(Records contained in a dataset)
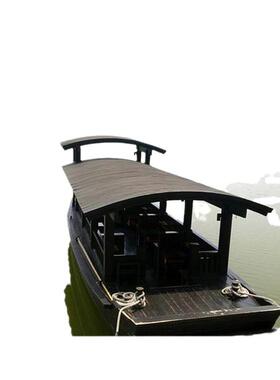 木船仿古手划摇橹乌篷船水上电动观光旅游黑色半圆高低蓬船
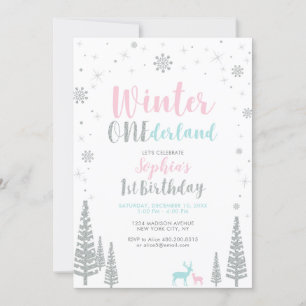Invitation Silver Winter onederland 1ère fête d'anniversaire 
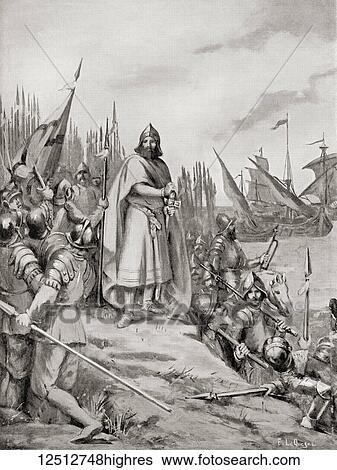 Stock Photograph - King Erik IX of Sweden lands on the coast of Finland, 1157. Eric IX of Sweden, d. 1160, aka Eric the Lawgiver, Erik the Saint, Eric the Holy. Swedish king c. 1156-60. From Hutchinson's History of the Nations, published 1915.. Fotosearch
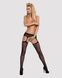 Сетчатые чулки-стокинги с цветочным рисунком Obsessive Garter stockings S207 XL/XXL, черные, имитаци SO7267 фото 3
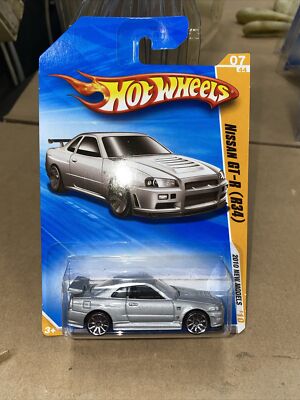 Nissan Skyline GT-R R34 シルバー Hot wheels NISSAN SKYLINE GT-R R34 Silver 2010 New models Mint,in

[Work required] Retype each line above exactly. Leave the images out.

[Exercise output]
 木船仿古手划摇橹乌篷船水上电动观光旅游黑色半圆高低蓬船
Invitation Silver Winter onederland 1ère fête d'anniversaire 
 Stock Photograph - King Erik IX of Sweden lands on the coast of Finland, 1157. Eric IX of Sweden, d. 1160, aka Eric the Lawgiver, Erik the Saint, Eric the Holy. Swedish king c. 1156-60. From Hutchinson's History of the Nations, published 1915.. Fotosearch
 Сетчатые чулки-стокинги с цветочным рисунком Obsessive Garter stockings S207 XL/XXL, черные, имитаци SO7267 фото 3
 Nissan Skyline GT-R R34 シルバー Hot wheels NISSAN SKYLINE GT-R R34 Silver 2010 New models Mint,in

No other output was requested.